Een oorlog zou in de lijn liggen van de logica die vanaf het begin van de 21ste eeuw in Washington ontwikkeld werd. In 2001 was er reeds expliciet sprake van het streven naar een regimewissel in Irak en Iran. Het jaar nadien kwam president George Bush jr. op de proppen met het concept van 'de as van het kwaad', waartoe Irak, Iran, Noord-Korea, Cuba, Libië en Syrië gerekend werden. Volgens de haviken in Washington moesten die landen met economische sancties én met militair geweld worden aangepakt. In het Midden-Oosten lukte dit, met catastrofale gevolgen, in Irak en Libië waar de regimes van respectievelijk Saddam Hoessein en Muammar Gaddafi ten val gebracht werden. In Syrië redden de Russen president Bashar al-Assad van een gelijkaardig lot door een gewapende tussenkomst vanaf september 2015.

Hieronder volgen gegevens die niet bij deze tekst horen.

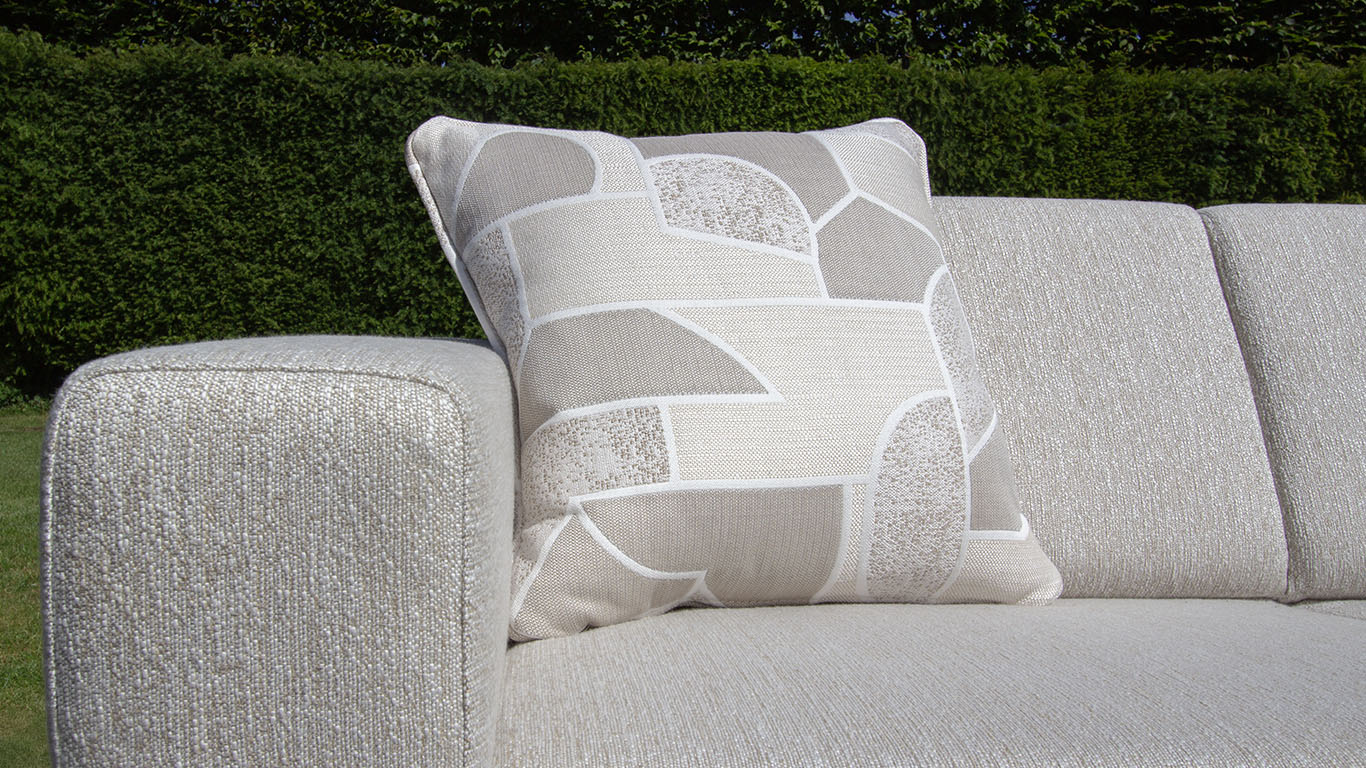 UrbanSofa Outdoor Marbella Hoekbank in Tundra Gypsum en Outdoor Kussen in Territory Alum detail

Gaat Trump het op zijn beurt proberen in Iran? Moet ook hij, net als zijn voorgangers, zijn eigen oorlog hebben? We zullen ons beperken tot een opsomming van de oorlogen van de vier voorgaande presidenten. George Bush lanceerde in 1991 zijn oorlog tegen Irak ter bevrijding van Koeweit. Bill Clinton liet Irak drie dagen lang intensief bombarderen en deed dat het jaar nadien over in de oorlog tegen Servië – een “onwillige” staat. George Bush jr. viel in 2001 Afghanistan binnen als wraakactie na de aanslagen op de Twin Towers in New York. De oorlog in Afghanistan duurt trouwens nog altijd voort. En ook Barack Obama nam twee oorlogen voor zijn rekening: in 2011 was er de militaire interventie in Libië, waar hij vooral Europa aan het werk zette, en datzelfde jaar nog was ook Syrië aan de beurt. Wordt Trump de man die Iran militair durft aan te pakken?